# Vincent Browne v The Troika



## NorfBank (20 Jan 2012)

For those who didn't see it

http://www.youtube.com/watch?v=Px43eINU2OM&feature=player_embedded#!

(6.20 onwards)


----------



## serotoninsid (20 Jan 2012)

I don't particularly like Vincenzo's (bullying) interview style - but I have to say - I was very happy to see him put this question to the suit from the ECB!

And as Vincent pointed out, he still DIDNT answer the question!!


----------



## Bronte (20 Jan 2012)

I'd like the answer to the question too. But we're only voters in a supposed democracy so we're not entitled to know where and why all the taxpayers money is being used for in relation to the Troika. Those who are our betters need to keep that a secret. Wonder why, maybe because it only benefits them and keeps the little people downtrodden.


----------



## chrisboy (20 Jan 2012)

Vincent was swatted away, dismissed, treated with such disdain.. Exactly how i feel Ireland is being treated at the moment..

Was the woman on the left Irish? She was nearly embarrassed at the question that was asked. As if she was thinking, "We're not allowed ask those sort of questions!!"


----------



## serotoninsid (20 Jan 2012)

chrisboy said:


> Was the woman on the left Irish? She was nearly embarrassed at the question that was asked. As if she was thinking, "We're not allowed ask those sort of questions!!"


Yes, I very much think that was the mindset.  You remember how she suggested that he pass the mic to another journalist - intimating that they would come back to him (which clearly they didn't plan to do!).


----------



## serotoninsid (23 Jan 2012)

Just following up on this - I noticed this morning that the Ray Darcy Show on Today FM picked up on it.  They have set up a standard mail - that will go out to Klaus Masuch - demanding him to provide the people of Ireland with an answer to the question that Vincent Browne put to him a number of times at last weeks press conference - but flat out refused to answer.

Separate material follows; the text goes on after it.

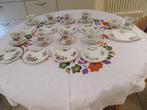 mj/ROYAL ALBERT/Flowers of the month/kop en schotel + bordje, Nieuw, Ophalen of Verzenden, Overige stijlen, Kop(pen) en/of Schotel(s)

I hope this is alright with AAM mods (if not, by all means - remove) - but here is the link to the standard email that they will send out to him - simply by you inputting your email address

[broken link removed]

*It will take all of 20 seconds of your time - and I think we have a right to an answer to that question!*


----------



## Romulan (23 Jan 2012)

Done with pleasure.

And I'll get the details to as many people as possible.

Am I correct in thinking that RTE made absolutely mention of the VB question in either the 6pm or 9pm news?


----------



## serotoninsid (23 Jan 2012)

Romulan said:


> Am I correct in thinking that RTE made absolutely mention of the VB question in either the 6pm or 9pm news?


Someone else will have to come back and confirm on that one.  However, the fact that his show is on a rival station might influence their decision should they not have included it?


----------